### SUPPLIED MATERIAL

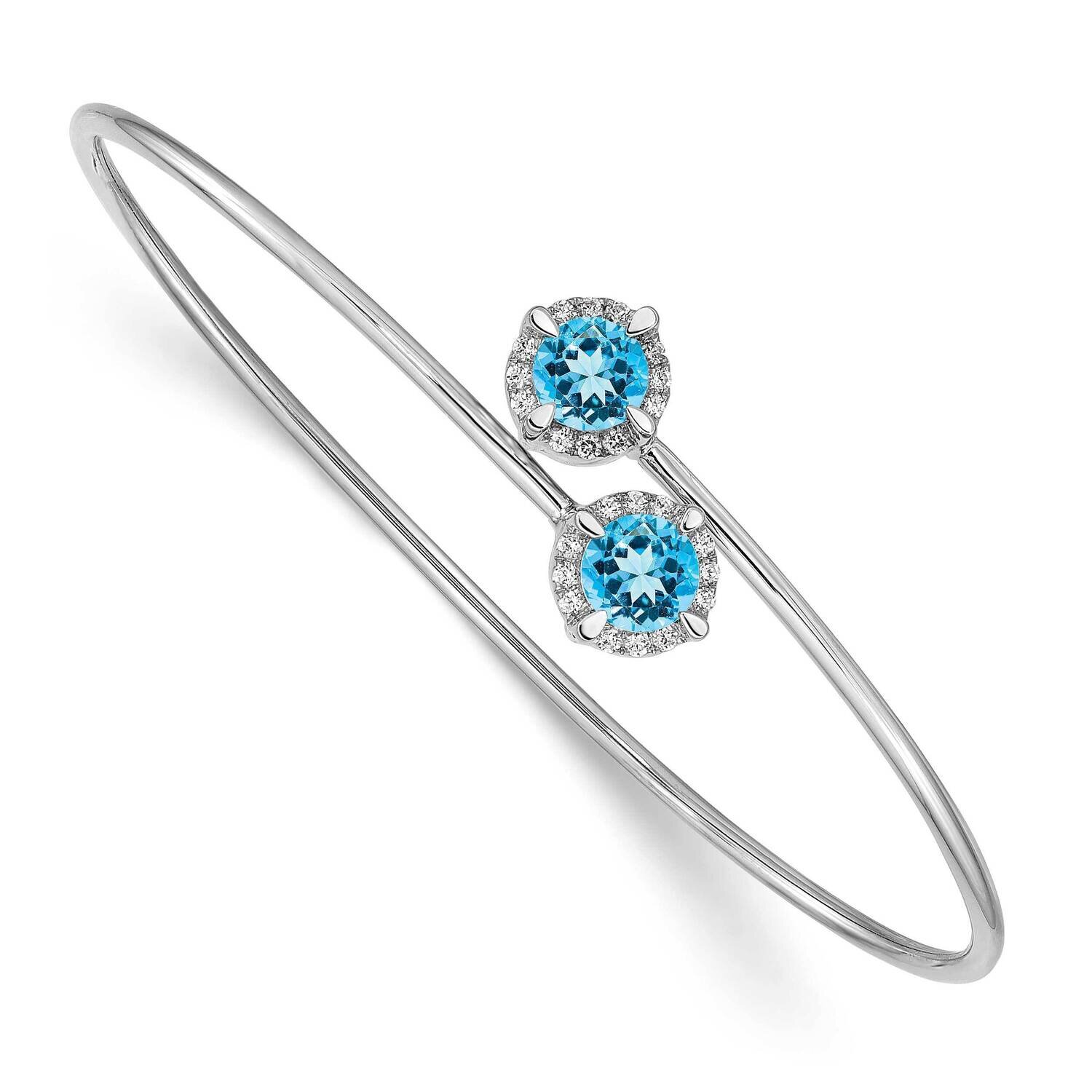 Blue Topaz Flexible Bangle 14k White Gold BM4506-BT-012-WA, MPN: BM4506-BT-012-WA, 883957372785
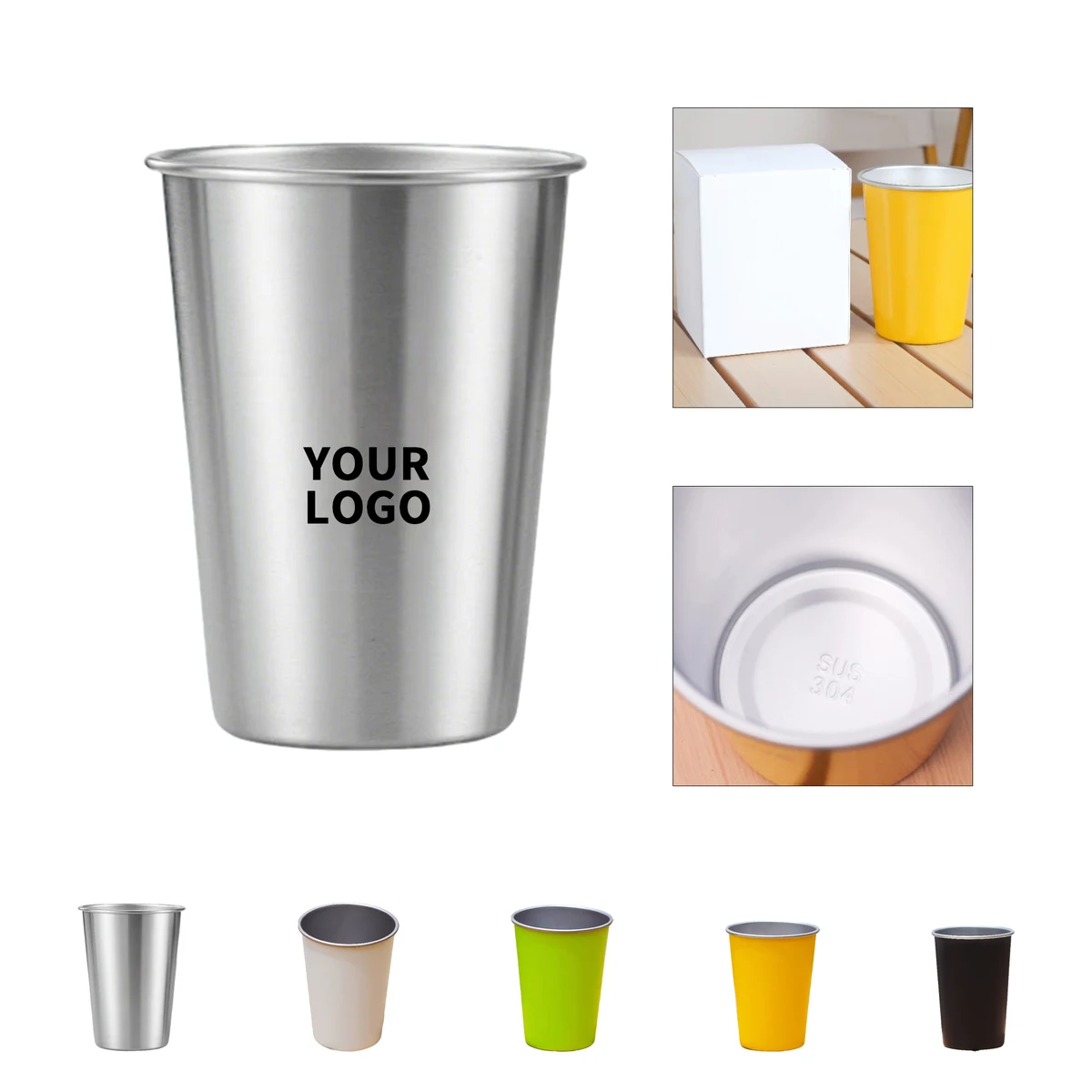 Stainless Steel Pint Cup 16 Ounce Powder Coated Black 1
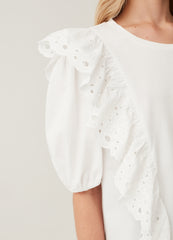T-Shirt With Broderie Anglaise Lace Frills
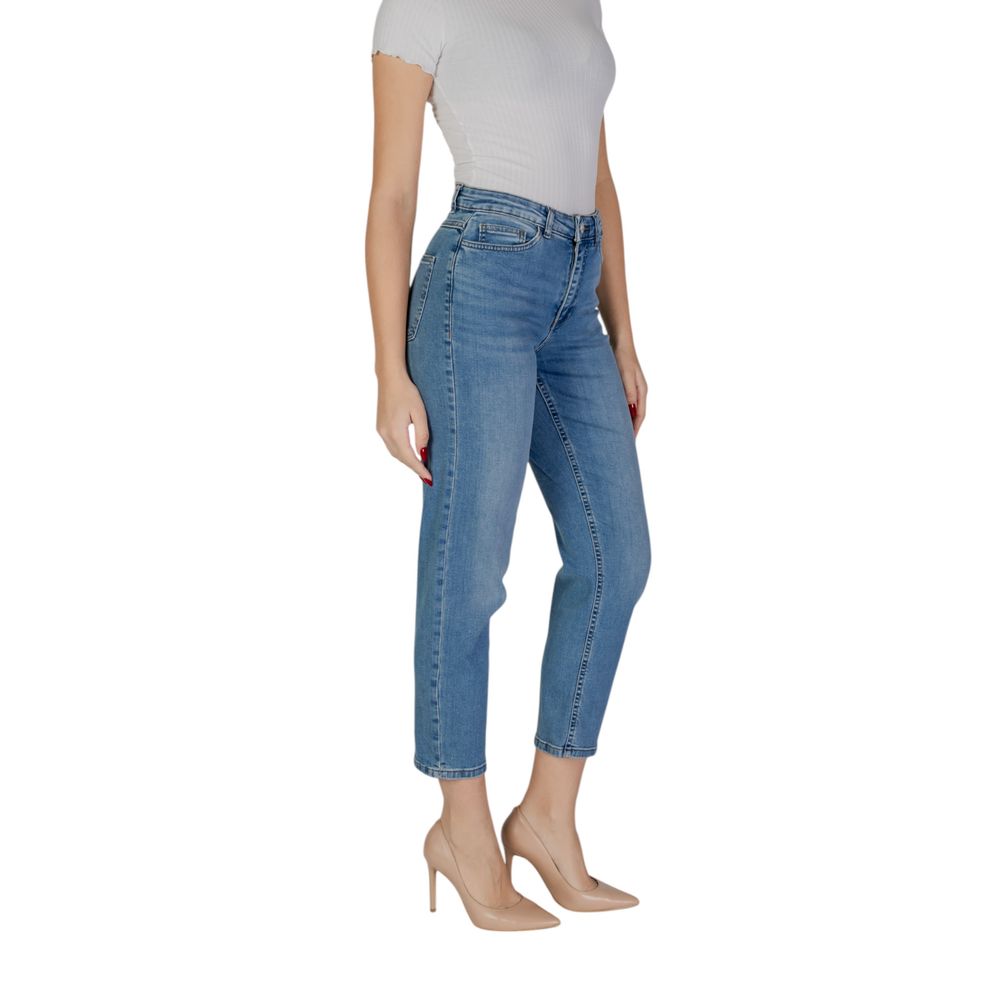 ICHI Light Blue Cotton Mom Jeans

### AIM OF THE EXERCISE
When you copy the data above, reproduce each line exactly and skip every image.

### RESULT
 Blue Topaz Flexible Bangle 14k White Gold BM4506-BT-012-WA, MPN: BM4506-BT-012-WA, 883957372785
 Stainless Steel Pint Cup 16 Ounce Powder Coated Black 1
T-Shirt With Broderie Anglaise Lace Frills
 ICHI Light Blue Cotton Mom Jeans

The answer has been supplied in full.